Top of Information supplied

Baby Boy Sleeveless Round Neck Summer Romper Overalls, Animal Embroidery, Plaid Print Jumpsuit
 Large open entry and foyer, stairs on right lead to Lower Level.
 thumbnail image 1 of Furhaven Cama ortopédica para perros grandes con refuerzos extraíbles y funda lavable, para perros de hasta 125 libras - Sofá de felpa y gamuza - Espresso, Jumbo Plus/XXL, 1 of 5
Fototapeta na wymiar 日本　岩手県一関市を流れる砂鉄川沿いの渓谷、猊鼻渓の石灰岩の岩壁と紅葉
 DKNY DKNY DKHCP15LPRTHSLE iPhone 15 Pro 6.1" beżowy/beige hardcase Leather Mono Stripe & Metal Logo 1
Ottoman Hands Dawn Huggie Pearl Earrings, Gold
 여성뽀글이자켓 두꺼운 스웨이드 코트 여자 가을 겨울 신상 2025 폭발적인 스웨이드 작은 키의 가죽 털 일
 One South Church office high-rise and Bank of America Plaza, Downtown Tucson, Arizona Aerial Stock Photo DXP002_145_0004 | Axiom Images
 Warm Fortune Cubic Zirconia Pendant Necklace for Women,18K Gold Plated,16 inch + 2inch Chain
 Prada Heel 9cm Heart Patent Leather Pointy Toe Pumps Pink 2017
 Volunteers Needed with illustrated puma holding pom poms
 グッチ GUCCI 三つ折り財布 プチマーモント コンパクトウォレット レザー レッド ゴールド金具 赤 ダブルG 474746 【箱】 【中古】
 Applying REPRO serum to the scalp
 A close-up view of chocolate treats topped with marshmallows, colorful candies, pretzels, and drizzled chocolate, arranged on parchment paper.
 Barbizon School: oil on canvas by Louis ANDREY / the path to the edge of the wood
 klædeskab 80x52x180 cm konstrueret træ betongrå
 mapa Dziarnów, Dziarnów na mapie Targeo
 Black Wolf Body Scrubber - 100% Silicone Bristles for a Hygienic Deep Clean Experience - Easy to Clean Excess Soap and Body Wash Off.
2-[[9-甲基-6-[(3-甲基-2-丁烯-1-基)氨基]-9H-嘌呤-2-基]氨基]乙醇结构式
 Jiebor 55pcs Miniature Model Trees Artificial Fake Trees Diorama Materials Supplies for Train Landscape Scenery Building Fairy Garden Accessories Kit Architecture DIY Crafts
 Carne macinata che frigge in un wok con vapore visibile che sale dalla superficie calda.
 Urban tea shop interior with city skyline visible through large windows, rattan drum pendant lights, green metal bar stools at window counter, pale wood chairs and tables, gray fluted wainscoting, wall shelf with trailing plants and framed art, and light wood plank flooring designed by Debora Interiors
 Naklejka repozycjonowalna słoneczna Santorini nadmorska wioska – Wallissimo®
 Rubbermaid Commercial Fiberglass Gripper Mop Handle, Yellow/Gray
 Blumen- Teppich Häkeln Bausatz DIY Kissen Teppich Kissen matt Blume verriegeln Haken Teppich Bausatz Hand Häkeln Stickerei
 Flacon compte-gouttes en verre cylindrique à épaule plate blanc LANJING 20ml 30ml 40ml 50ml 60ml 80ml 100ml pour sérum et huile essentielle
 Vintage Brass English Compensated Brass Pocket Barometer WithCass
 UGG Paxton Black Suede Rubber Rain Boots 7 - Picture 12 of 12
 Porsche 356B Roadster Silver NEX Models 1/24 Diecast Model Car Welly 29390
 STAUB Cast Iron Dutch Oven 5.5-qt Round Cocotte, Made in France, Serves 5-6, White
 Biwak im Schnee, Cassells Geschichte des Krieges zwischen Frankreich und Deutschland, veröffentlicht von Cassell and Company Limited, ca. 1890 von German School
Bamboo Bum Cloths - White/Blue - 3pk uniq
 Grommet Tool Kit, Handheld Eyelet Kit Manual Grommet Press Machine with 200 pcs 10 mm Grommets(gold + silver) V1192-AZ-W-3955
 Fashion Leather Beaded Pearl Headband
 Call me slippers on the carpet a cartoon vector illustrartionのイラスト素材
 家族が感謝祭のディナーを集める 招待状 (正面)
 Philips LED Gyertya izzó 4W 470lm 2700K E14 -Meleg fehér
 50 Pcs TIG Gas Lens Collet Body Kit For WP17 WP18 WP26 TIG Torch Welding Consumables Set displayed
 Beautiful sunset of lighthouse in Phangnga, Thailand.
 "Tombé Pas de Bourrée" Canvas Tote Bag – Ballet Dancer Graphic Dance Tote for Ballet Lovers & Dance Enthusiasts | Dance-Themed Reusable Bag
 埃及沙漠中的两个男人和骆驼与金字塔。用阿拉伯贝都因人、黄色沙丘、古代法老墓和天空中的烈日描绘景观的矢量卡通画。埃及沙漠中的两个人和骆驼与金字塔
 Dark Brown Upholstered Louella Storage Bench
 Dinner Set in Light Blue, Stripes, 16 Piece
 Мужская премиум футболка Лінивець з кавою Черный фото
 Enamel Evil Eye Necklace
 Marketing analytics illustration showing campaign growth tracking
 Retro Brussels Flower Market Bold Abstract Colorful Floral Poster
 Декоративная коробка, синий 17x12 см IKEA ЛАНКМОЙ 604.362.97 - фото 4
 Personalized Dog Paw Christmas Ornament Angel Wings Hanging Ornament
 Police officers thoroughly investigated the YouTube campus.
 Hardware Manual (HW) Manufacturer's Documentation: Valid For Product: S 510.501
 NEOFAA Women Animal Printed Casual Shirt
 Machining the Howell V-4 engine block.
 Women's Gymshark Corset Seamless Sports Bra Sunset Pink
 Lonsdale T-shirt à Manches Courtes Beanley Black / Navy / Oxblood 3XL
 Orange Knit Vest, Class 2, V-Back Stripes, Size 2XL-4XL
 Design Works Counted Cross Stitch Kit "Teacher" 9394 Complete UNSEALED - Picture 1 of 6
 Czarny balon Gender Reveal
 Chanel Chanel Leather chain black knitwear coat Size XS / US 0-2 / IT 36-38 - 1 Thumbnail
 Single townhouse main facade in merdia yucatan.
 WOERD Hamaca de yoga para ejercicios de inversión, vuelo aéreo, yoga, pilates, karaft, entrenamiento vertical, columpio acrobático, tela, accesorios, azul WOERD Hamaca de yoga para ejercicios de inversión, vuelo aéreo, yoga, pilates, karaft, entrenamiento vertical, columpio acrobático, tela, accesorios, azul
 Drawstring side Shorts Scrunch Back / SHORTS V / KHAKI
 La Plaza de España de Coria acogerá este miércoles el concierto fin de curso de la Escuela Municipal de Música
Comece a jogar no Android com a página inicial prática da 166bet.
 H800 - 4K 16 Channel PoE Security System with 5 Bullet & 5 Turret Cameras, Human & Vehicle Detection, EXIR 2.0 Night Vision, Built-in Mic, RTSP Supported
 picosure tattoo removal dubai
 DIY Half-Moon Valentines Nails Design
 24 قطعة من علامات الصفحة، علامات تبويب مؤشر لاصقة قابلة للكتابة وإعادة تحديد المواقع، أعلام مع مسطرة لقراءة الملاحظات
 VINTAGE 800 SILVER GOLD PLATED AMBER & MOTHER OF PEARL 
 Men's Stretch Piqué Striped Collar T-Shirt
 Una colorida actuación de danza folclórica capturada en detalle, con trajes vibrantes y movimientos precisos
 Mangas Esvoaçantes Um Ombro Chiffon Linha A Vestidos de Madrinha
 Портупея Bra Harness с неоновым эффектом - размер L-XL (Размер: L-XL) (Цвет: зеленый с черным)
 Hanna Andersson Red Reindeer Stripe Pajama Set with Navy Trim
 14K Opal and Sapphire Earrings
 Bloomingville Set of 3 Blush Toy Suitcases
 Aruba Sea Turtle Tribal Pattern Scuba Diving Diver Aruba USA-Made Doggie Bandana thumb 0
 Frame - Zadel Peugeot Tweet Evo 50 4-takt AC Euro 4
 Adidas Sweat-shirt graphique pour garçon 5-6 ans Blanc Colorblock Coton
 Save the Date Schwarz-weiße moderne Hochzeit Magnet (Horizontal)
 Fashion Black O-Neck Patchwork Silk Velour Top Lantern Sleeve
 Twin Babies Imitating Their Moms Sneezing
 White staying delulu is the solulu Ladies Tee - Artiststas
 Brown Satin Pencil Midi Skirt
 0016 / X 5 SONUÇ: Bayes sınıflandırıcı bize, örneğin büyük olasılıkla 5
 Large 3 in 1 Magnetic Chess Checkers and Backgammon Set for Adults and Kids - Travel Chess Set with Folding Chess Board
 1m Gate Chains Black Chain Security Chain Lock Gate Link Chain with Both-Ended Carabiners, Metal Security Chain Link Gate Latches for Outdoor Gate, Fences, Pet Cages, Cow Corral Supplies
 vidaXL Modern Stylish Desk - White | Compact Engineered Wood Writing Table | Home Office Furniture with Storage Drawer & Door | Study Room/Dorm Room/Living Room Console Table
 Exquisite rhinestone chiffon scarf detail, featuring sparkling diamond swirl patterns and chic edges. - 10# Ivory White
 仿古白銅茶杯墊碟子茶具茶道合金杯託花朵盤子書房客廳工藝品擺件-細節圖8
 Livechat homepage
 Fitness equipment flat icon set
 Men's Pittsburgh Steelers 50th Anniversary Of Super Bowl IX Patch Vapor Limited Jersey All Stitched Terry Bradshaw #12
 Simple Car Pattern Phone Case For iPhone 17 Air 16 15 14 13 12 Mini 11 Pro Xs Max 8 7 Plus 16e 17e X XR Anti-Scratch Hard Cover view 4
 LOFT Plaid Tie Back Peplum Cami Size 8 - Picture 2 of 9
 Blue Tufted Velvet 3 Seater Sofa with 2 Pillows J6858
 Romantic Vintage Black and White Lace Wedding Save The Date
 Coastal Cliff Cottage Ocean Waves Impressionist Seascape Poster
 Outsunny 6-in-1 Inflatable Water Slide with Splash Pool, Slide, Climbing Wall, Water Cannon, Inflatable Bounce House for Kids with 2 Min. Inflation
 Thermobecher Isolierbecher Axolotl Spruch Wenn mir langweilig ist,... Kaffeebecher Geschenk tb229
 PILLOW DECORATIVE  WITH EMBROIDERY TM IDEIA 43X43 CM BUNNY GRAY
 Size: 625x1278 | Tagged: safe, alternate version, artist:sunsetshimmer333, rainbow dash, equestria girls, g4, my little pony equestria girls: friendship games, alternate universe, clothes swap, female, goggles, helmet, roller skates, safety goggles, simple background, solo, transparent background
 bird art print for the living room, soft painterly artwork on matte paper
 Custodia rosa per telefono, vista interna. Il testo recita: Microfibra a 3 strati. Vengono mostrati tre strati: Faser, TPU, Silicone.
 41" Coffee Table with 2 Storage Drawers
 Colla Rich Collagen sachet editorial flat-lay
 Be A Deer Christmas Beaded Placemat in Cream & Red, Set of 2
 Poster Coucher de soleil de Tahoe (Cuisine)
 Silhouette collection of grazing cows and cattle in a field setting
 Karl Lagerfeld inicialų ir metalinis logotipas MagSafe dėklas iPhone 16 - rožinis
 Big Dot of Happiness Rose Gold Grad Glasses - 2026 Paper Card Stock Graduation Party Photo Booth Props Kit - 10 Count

Bottom of Information supplied

[What is required] Which lines in the listing above hold the word "Women"? Show each of them.

[Expected output]
 Warm Fortune Cubic Zirconia Pendant Necklace for Women,18K Gold Plated,16 inch + 2inch Chain
 NEOFAA Women Animal Printed Casual Shirt
 Women's Gymshark Corset Seamless Sports Bra Sunset Pink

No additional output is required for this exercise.